🤖 AI Summary
Existing image dehazing methods struggle to simultaneously enhance visual quality and meet the diverse requirements of downstream vision tasks, largely due to their inability to adapt dynamically during inference. This work proposes an adaptive dynamic dehazing framework that integrates natural language instructions and real-time feedback from downstream task performance through a closed-loop optimization mechanism, enabling on-the-fly adjustment of dehazing outputs without retraining the model. By introducing, for the first time, a dual-guidance strategy combining task-driven feedback and textual prompts, the method establishes an interactive, post-training paradigm for adaptive dehazing behavior aligned with specific task objectives.
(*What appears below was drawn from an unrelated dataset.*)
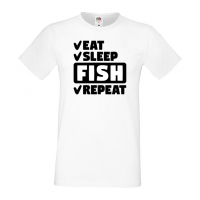 Мъжка тениска Fish 1,Eat,Sleep,Fish,Anime,Repeat,Ядене,Спане,Риба,Подарък,Повторение,Празник,, снимка 2 - Тениски - 36418956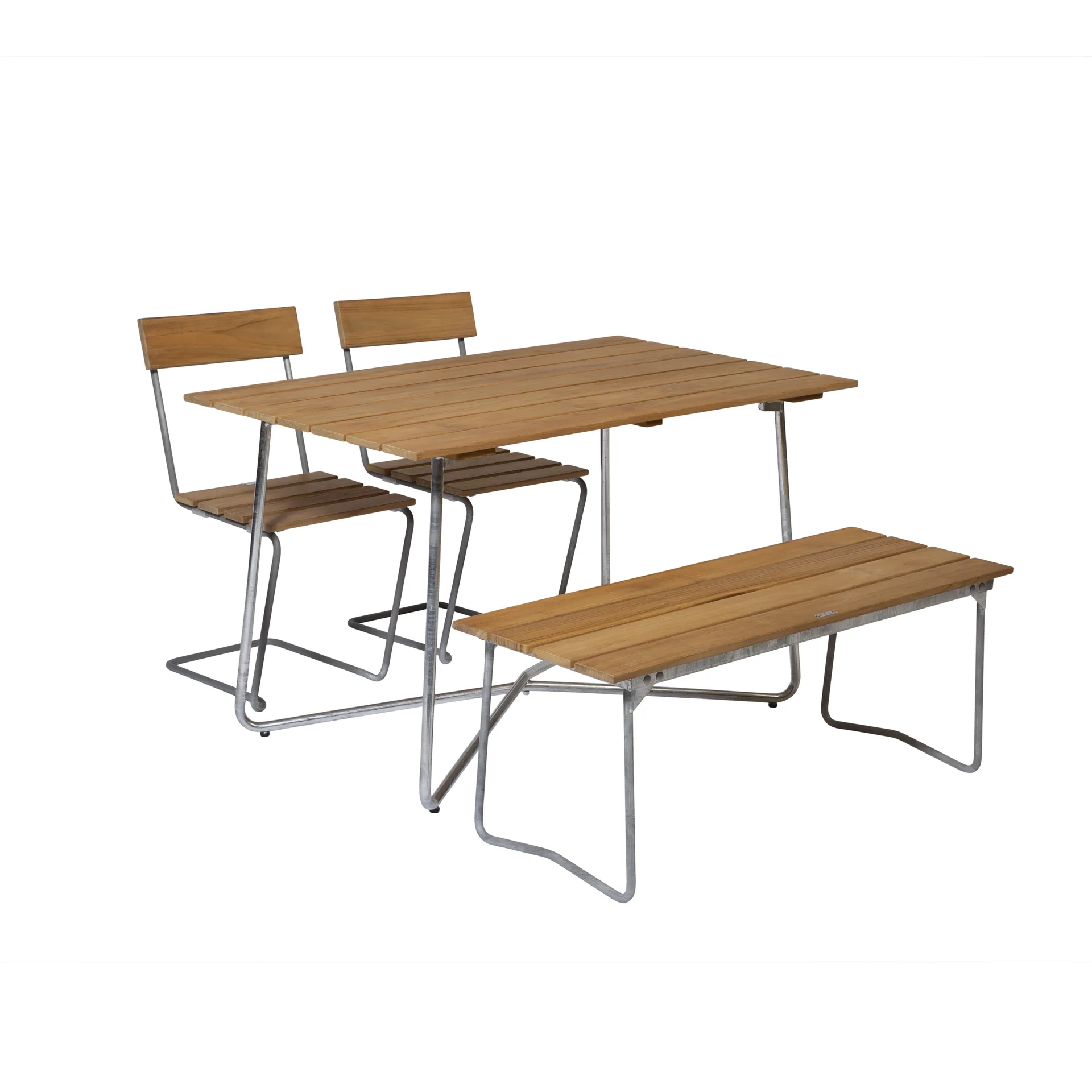 Gruppo da pranzo Grythyttan B25A + 2 Sedie 1 + Panchina 8 teak,  Grythyttan Stålmöbler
Experiments demonstrate that the proposed framework consistently improves downstream task performance across multiple vision applications while preserving high-quality dehazing results, exhibiting strong generalization and robustness.
📝 Abstract
In real-world vision systems,haze removal is required not only to enhance image visibility but also to meet the specific needs of diverse downstream tasks.To address this challenge,we propose a novel adaptive dynamic dehazing framework that incorporates a closed-loop optimization mechanism.It enables feedback-driven refinement based on downstream task performance and user instruction-guided adjustment during inference,allowing the model to satisfy the specific requirements of multiple downstream tasks without retraining.Technically,our framework integrates two complementary and innovative mechanisms: (1)a task feedback loop that dynamically modulates dehazing outputs based on performance across multiple downstream tasks,and (2) a text instruction interface that allows users to specify high-level task preferences.This dual-guidance strategy enables the model to adapt its dehazing behavior after training,tailoring outputs in real time to the evolving needs of multiple tasks.Extensive experiments across various vision tasks demonstrate the strong effectiveness,robustness,and generalizability of our approach.These results establish a new paradigm for interactive,task-adaptive dehazing that actively collaborates with downstream applications.